See the fact file below for more information on the Lisbon or alternatively, you can download our 19-page Lisbon worksheet pack to utilise within the classroom or home environment.
Key Facts & Information
- The westernmost part of Lisbon is occupied by the Parque Florestal de Monsanto, a 10 km2 urban park, one of the largest in Europe that occupies 10% of the municipality.
- Lisbon has a Mediterranean climate with mild, rainy winters and warm to hot, dry summers. The average annual temperature is 17.4 °C, 21.3 °C (70.3 °F) during the day and 13.5 °C (56.3 °F) at night.
- Sunshine hours are 2,806 per year, from an average of 4.6 hours of sunshine duration per day. The annual average rainfall is 774 mm, with November being the wettest month.
- The city of Lisbon is rich in architecture; Romanesque, Gothic, Manueline, Baroque, Modern, and Postmodern constructions can be found all over Lisbon. The city is also crossed by historical boulevards and monuments.
- Lisbon is home to numerous prominent museums and art collections from all around the world.

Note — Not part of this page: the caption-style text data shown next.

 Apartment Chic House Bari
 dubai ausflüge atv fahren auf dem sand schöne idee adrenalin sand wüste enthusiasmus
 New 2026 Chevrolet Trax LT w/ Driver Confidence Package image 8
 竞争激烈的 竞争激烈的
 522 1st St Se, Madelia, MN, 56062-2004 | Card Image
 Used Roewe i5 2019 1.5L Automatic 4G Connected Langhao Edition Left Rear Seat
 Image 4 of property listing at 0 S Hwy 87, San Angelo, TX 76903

- The National Museum of Ancient Art has one of the largest art collections in the world. The National Coach Museum has the world’s largest collection of royal coaches and carriages. These two are the most visited museums in the city.

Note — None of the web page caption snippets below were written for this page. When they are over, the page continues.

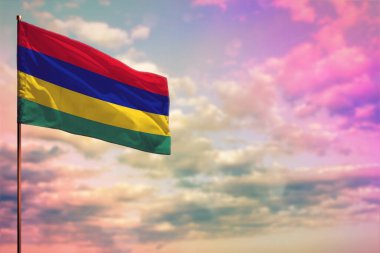 Renkli bulutlu arkaplan üzerine yazdığınız metin için Mauritius bayrağının dalgalanan maketi.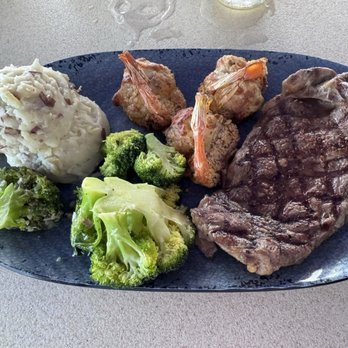 Bubba Gump Shrimp - Ribeye & Stuffed Shrimp - Seafood Near Me - Jacksonville Beach, Florida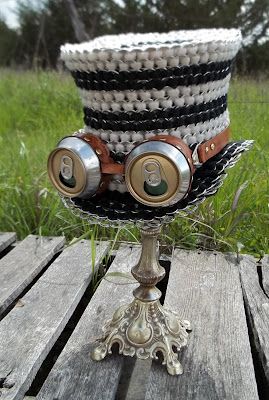 The Art of Can Tabistry: Beer Goggles and a Tabistry Top Hat Bottle Tab Clothes, Hats Made From Recycled Materials, Steampunk Crochet, Soda Tab Crafts, Pop Can Tabs, Beer Goggles, Tab Crafts, Can Tab Crafts, Soda Can Tabs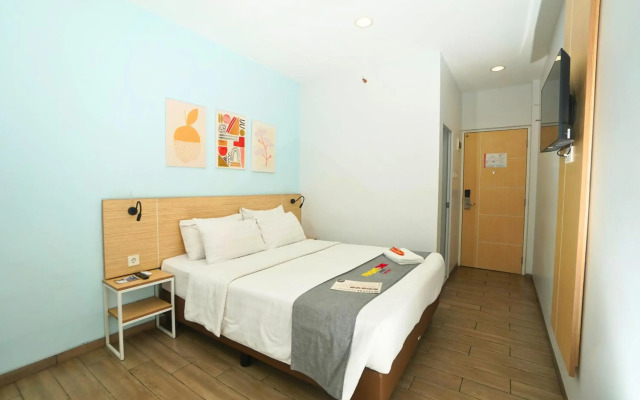 Front One Hotel Pasir Koja Bandung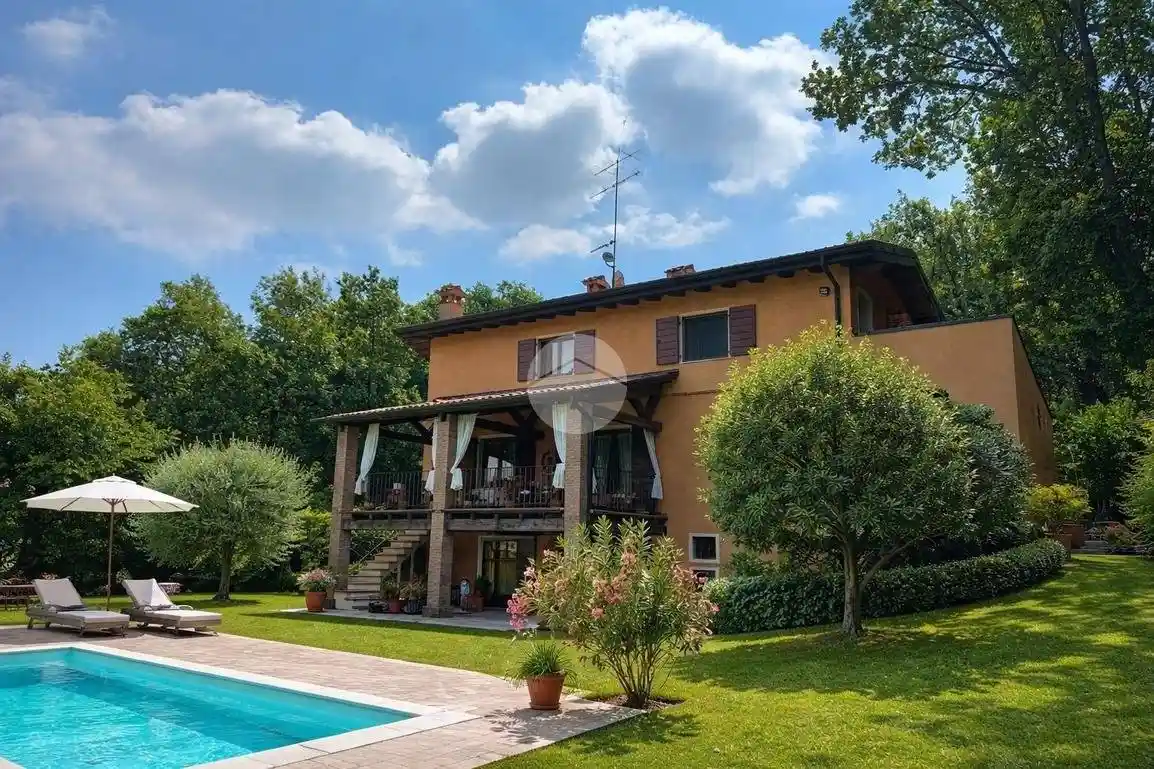 Villa in vendita a Desenzano del Garda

- The Lisbon region is the wealthiest region in Portugal and it is well above the European Union’s GDP (Gross Domestic Product) per capita.
WHAT TO VISIT
- Belém is recognized for its concentration of national monuments and public spaces, including a mixture of historical buildings and modern symbols of Portuguese culture.
- Belém’s main street and historical avenue is Rua de Belém, a strip of 160-year-old buildings that have survived several years of change and modernization.
- You may also visit in Belém the overcrowded Torre de Belém (Belém Tower). It is the Tower of Saint Vincent, a 16th-century fortification that served both as a fortress and as a ceremonial gateway to Lisbon.
- The oldest district of Lisbon spreads down the southern slope from the Castle of São Jorge to the River Tagus. Its name, derived from the Arabic Al-hamma, means fountains or baths.
- It is a historical quarter of mixed-use buildings occupied by Fado bars, restaurants, and homes with small shops downstairs.
- Pastéis de nata is the iconic egg custard tart. It is easily available in all pastry shops and accompanied by a bica (café).
- Pastéis de Belém is the best café that has been making natas since 1837 and is considered to be the first to do so commercially.
- Sardinhas grelhadas is grilled sardines and one of Portugal’s most beloved dishes. They are a symbol of Festas de Lisboa – a month-long party in June.
- Caldo Verde is a kale soup with slices of chorizo. It sounds boring, but it’s actually authentic, delicious, and healthy.
- Bacalhau is the Portuguese word for cod and—in a culinary context—dried and salted cod. Portuguese have 365 ways of cooking bacalhau.
- The Lisbon Metro connects the city centre with the upper and eastern districts, and also reaches some suburbs that are part of the Lisbon metropolitan area.
- It is the fastest way to get around the city and it provides a good number of interchanging stations with other types of transportation.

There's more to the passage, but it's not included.